Mozart’s one-act comic opera “der Schauspieldirektor”, or The Impresario, was originally composed in 1786 as a “Singspiel” – a German type of play interspersed with various musical numbers – at the request of Emperor Joseph II for a private performance at the Schönbrunn Palace in Vienna. Mozart wrote The Impresario at around the same time as The Marriage of Figaro.
It contains marvelous music – a well-known overture, and four vocal numbers. The original libretto, however, presents a number of challenges in mounting a full-fledged production.
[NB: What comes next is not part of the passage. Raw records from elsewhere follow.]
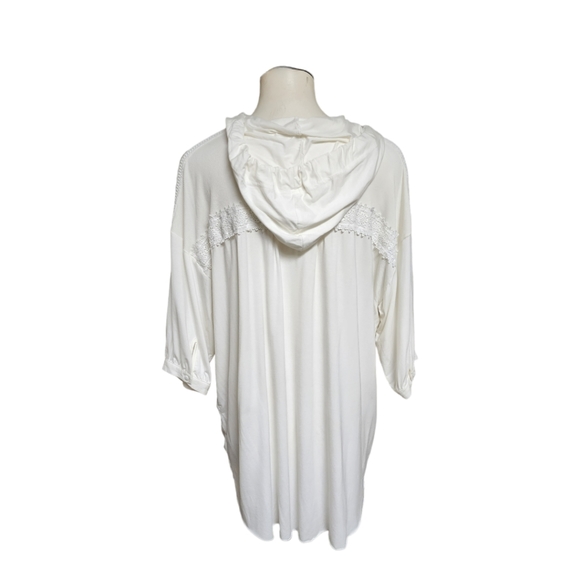 POL Hooded White Short Sleeve Relaxed Fit Boho Style Sweatshirt Size Small - Picture 3 of 15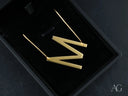 Personalized letter M pendant 18k gold jewelry earrings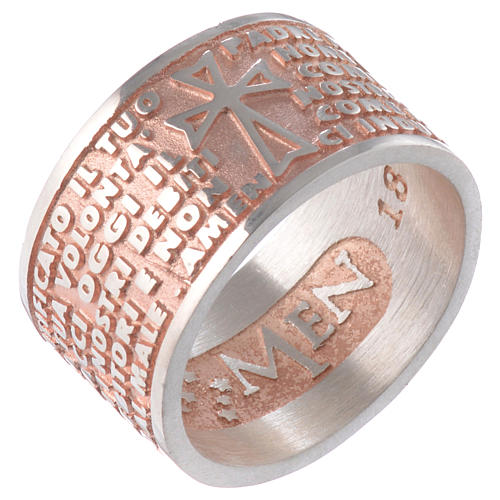 Ring AMEN Our Father ITA Silver 925, pink finish 1
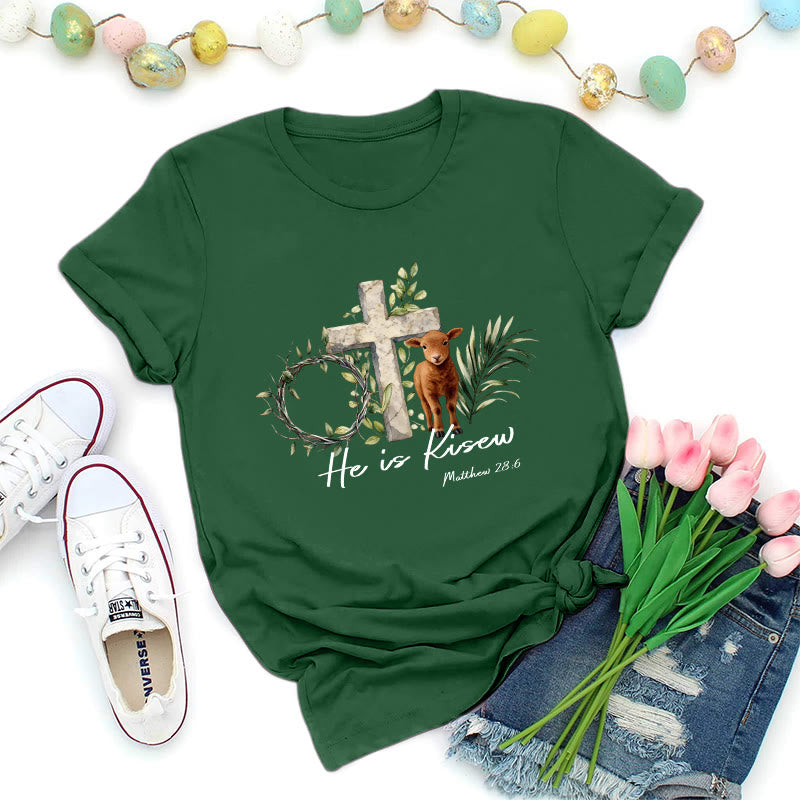 Christianartworkshop He Is Risen Matthew 28:6 Premium T-Shirt - Dark Green - 2XL - image 0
For this performance, we are fortunate indeed to have an English adaptation authored by William J. Brooke, who also happens to be our stage director and play the title role of Impresario (all at once!). In his adaptation, the first two solo arias are largely sung in the original German; the trio and finale are done in English, as is the dialogue.
The story itself is about the woes of an opera company director (Scruples). His scheming assistant (Bluff), who longs to sing bass roles on stage, engages a banker (Mr. Angel) to financially “rescue” the opera company’s upcoming season. In return, Mr. Angel merely requests Scruples to showcase Mr. Angel’s two paramours (Madame Goldentrill and Miss Silverpeal) each of which happens to be an opera singer, and each of which thinks she should be the prima donna for the upcoming opera season!
Of course theatrical and musical fireworks ensue, before leading to a most unlikely (yet satisfactory) conclusion.